04 August 2013

Light at the end of the summertime grief tunnel

Summertime grief looks different to me than spring grief. Summertime grief is my sabbatical, my respite from most things grief-filled. It is my light at the end of the tunnel.

I took the picture above about three weeks ago, during a writer's retreat—eight bliss-filled days at Fort Worden Park in Port Townsend. Eight days of reading, writing and critiquing other writer's work. Eight days on the Sound with the blue water stretched out before me on the bluff and this photograph at Artillery Hill in Fort Worden.

Eight days to reflect, to revise, to create, to explore.

Inevitably my writing turns to grief. Whether it’s the grief for my daughter, the grief for my father or the two of them together inextricably linked no matter how different each of the griefs actually are.
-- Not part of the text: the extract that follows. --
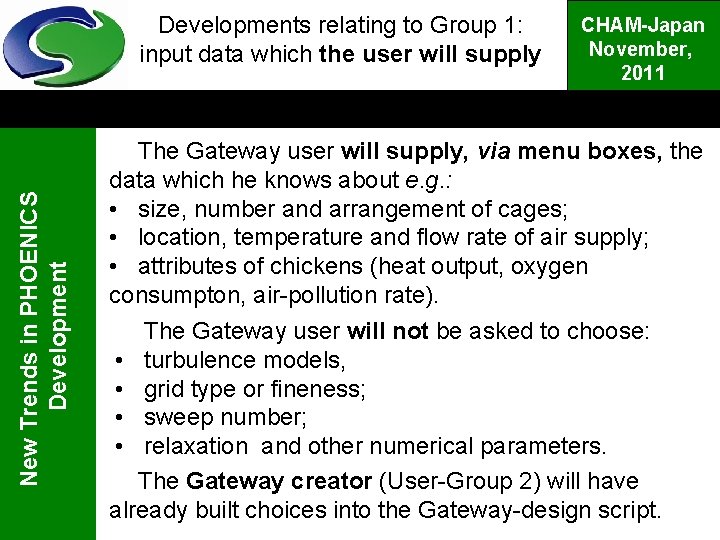 New Trends in PHOENICS Developments relating to Group 1: input data which the user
My childhood grief was of a different sort. My childhood grief began on a dark late January day when my father died. It began with a complicated, misunderstood, misdirected kind of grief that was hardly understood or explored in the 1980s when people still died mostly in hospitals, often alone, and children were discouraged from going to them even for daytime visitations. It occurred during a time in my childhood when I wasn’t equipped with the right kind of questions, and no one was encouraged to otherwise explore alternative methods for dealing with a young child’s grief.
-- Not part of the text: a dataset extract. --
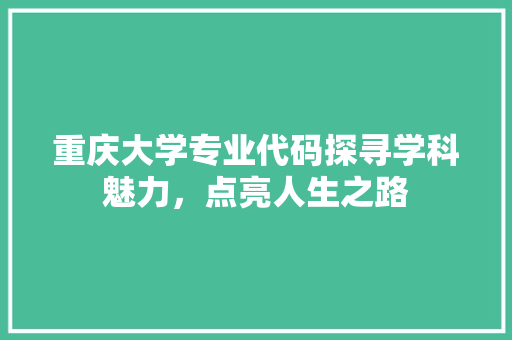 重庆大学专业代码探寻学科魅力，点亮人生之路 搜狗SEO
So that grief of my childhood was mostly unexplored, under-developed, uninformed.

Then Grace died thirty years later. And the only thing I was certain about was that our family would not grieve in the same manner of my childhood. Grief would not be hidden. Grief would not be tucked away. Grief would not be buried with our daughter.

Instead, grief was and is out on the table—raw, changing, and filled with surprises of its own.

Now, ten years later, most of my writing around Grace’s grief takes place in the months of May and June. Most of my writing around Grace’s grief takes place in the lonely nights and early mornings of my ruminations.

Then, just like that, sometime in early June, it disappears again, tucked away to shift and lean toward something new that arises the following year.

In the early days, grief was raw even in the summer months. Grief was building toward the due date, when the real birth was supposed to happen in July. And so the month of June was counting weeks until the due date.

But in the later years, grief no longer presents itself the same way. Grief melts back into my bones and tucks itself away—far enough that most people hardly notice, but close enough that when I wake up each morning, Grace still presents herself to me in ways that are surprising.

Grief in the summertime is closer, more intimate, more private.

Grief in the summertime provides me the space to write about and explore other topics.

Grief in the summertime allows me to breathe. And sometimes in those breaths, other surprising kinds of feelings emerge.

And once again, I am changed by all things Grace.